Survivorship is defined as the state or condition of being a survivor. At this point in a cancer survivor’s life, they are now transitioning into a new way of life. 

Living with cancer refers to the experience of receiving a cancer diagnosis and any treatment that may follow. During this time:

  • Patients will undergo treatment and may be asked to join a clinical trial to study new cancer therapies.
  • Patients and their caregivers may be offered services to help cope with emotional psychological and financial concerns.

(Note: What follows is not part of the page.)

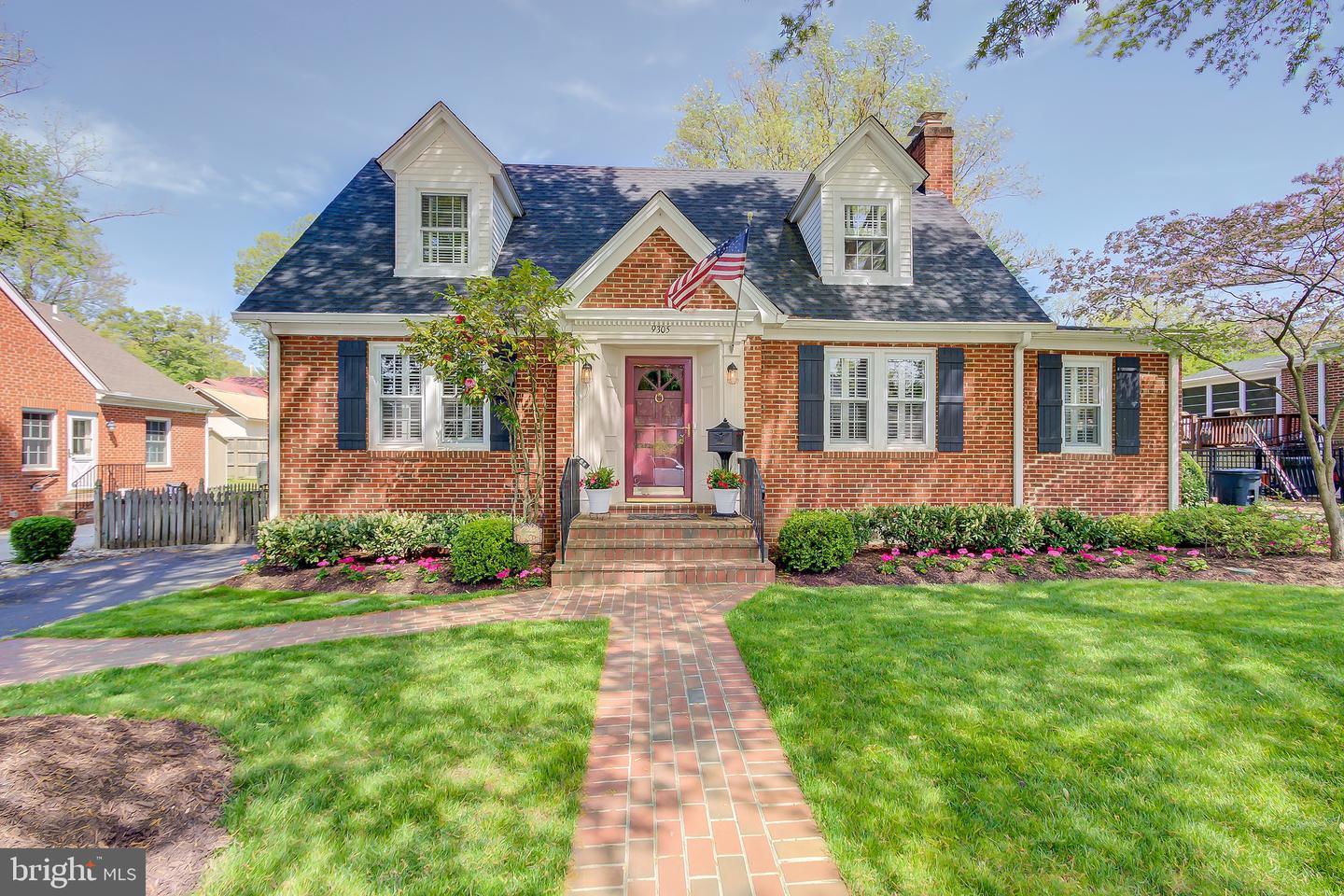 Home for sale at 9305 Battle Street, Manassas, VA  20110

Living through cancer is the period following treatment in which the risk of cancer recurring is relatively high. May patients are relived that treatment is over, but anxious about no longer seeing their cancer doctor on a regular basis. During this stage patients typically see their cancer doctor two to four times a year depending on their circumstances.

Living beyond cancer refers to post-treatment and long-term survivorship. While two out of three survivors say their lives have returned to normal, one-third report continuing physical, psychosocial or financial consequences. During this stage:

  • Most survivors return to the care of their primary physician
  • Ideally, survivors will have developed long-term health 

Your practice is committed to your survivorship and your specific needs. You may receive care documentation pertaining to:

  • Diagnostic tests and results
  • Tumor characteristics, including site(s),stage, grade, hormone status, biomarker results
  • Details on treatment:
    • Type of treatment (surgery, chemotherapy, radiation, transplantation, hormone therapy, gene therapy or other)
    • Agents used (regimen, total dosage)
    • Beginning and ending dates
    • Indicators or response to treatment
    • Toxicities
  • Support Services provided (psychological, nutritional, other)
  • Contact information for treating institutions and key individual providers
  • Name of key point of contact and coordinator of continuing care 

Palliative Care

Palliative care also known as supportive care is care that focuses on improving the quality of life by relieving symptoms from cancer. Palliative care is appropriate when a patient has advanced disease and symptom management is the highest priority in order to maintain or improve the quality of life. Any medical professional can provide palliative care by addressing the symptoms of cancer, some specialize in care for specific illnesses. A palliative care team are multidisciplinary and consists of different medical professionals to provide the best care to you as the patient. Palliative care can be received in addition to cancer treatment. When a point in cancer treatment has been reached where it is no longer helpful to treat the cancer, then to transition to palliative care can be made.

Hospice Care

When an individuals’s cancer progresses and limits his or her life, a decision may be forgo aggressive treatments. This is when a consideration is given to end of life care. Hospice is a philosophy of care to maximize comfort and quality of life. Hospice care is provided by teams consisting of both professionals and volunteers. The disciplines represented include medicine. nursing, social work and pastoral care. The physician overseeing care can be the individual’s oncologist or his or her primary care provider. The hospice medical director is a physician who coordinates between the patient’s designated doctor and the hospice team and can be called upon as a consultant to assist in management. Hospice care is most commonly provided at home, but also can be implemented when an individual is in a long-term care facility. Medicare and many private insurance companies have hospice benefits available to patients. 

Advanced Directives

An advanced directive is a document in which an individual indicates goals of care and distinct wishes to be executed when the terminal phase of life is inevitable. It is encouraged to prepare this document ahead of time. Such a document should be updated at regular intervals to reflect changes in treatment goals and personal aspirations as end of life approaches over time.